**Brief**
Find the line below with "Used 2025 RAM 1500 Big Horn AWD/4WD image 18" and the line with "LED Лампа KLIP". Output them and the lines between, exactly, but not the pictures.

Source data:

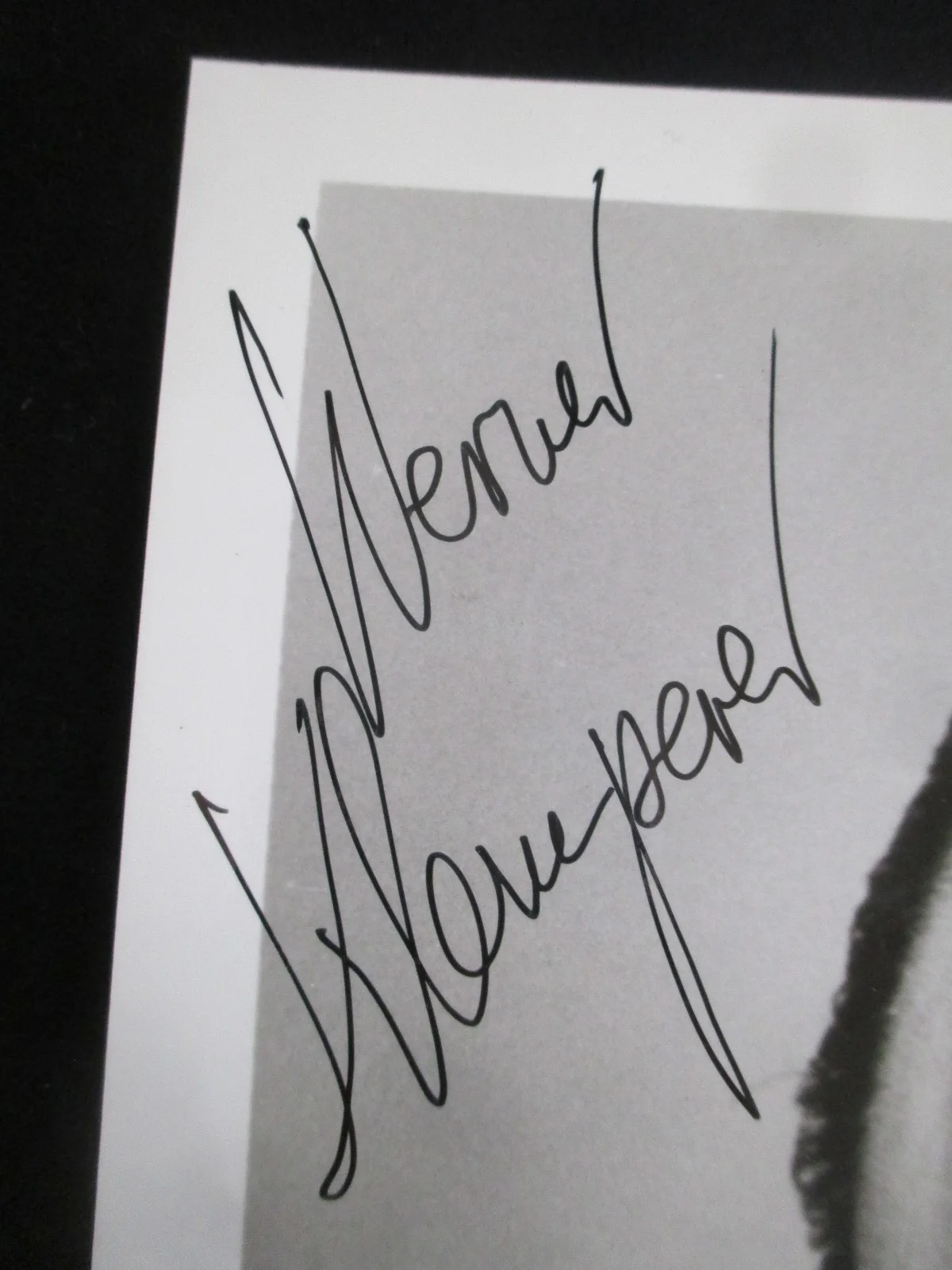 WERNER KLEMPERER — WERNER KLEMPERER AUTOGRAPHED 8X10 HOGANS HEROES #2 COL. KLINK, image 2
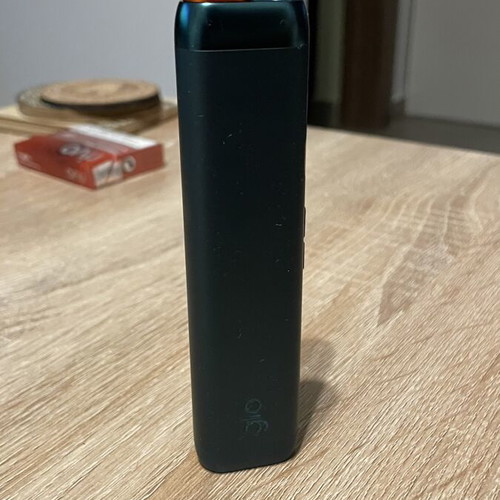 Glo HILO tobacco heating device like new, green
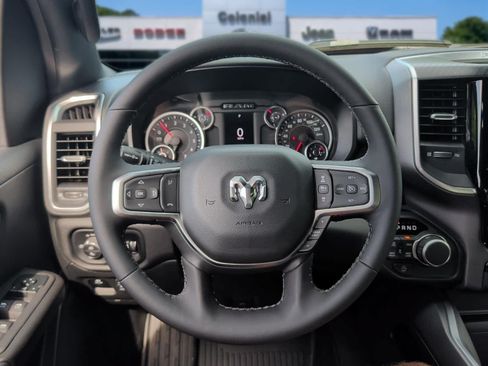 Used 2025 RAM 1500 Big Horn AWD/4WD image 18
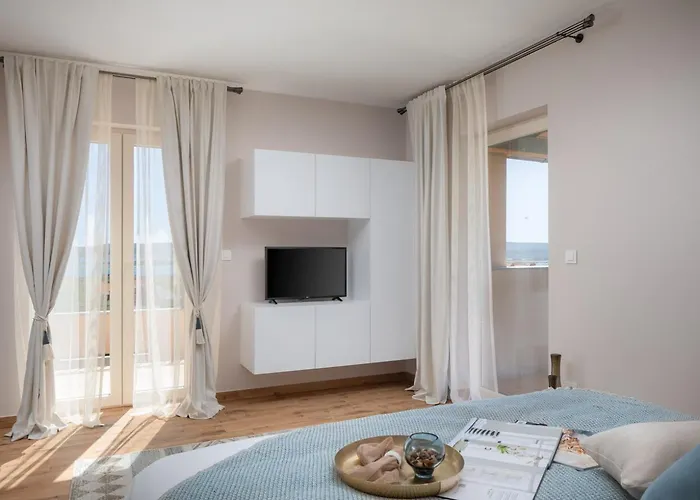Villa Luxury Wave & San, 2 Heated Pool, Sauna, Gym *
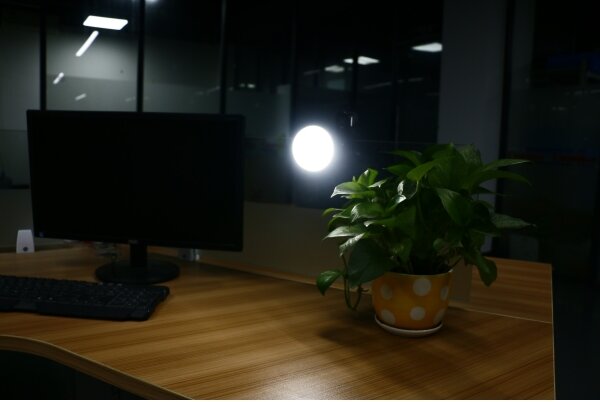 LED Лампа KLIP с USB зареждане LED/5W/5V 4000K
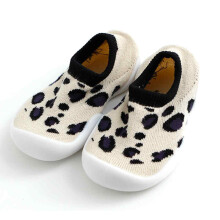 Erste Lauflernschuhe für Kleinkinder, rutschfeste Baby-Sneaker mit Gummisohle und atmungsaktivem Mesh-Obermaterial, rutschfeste, leichte Hausschuhe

**Exercise answer**
 Used 2025 RAM 1500 Big Horn AWD/4WD image 18
Villa Luxury Wave & San, 2 Heated Pool, Sauna, Gym *
 LED Лампа KLIP с USB зареждане LED/5W/5V 4000K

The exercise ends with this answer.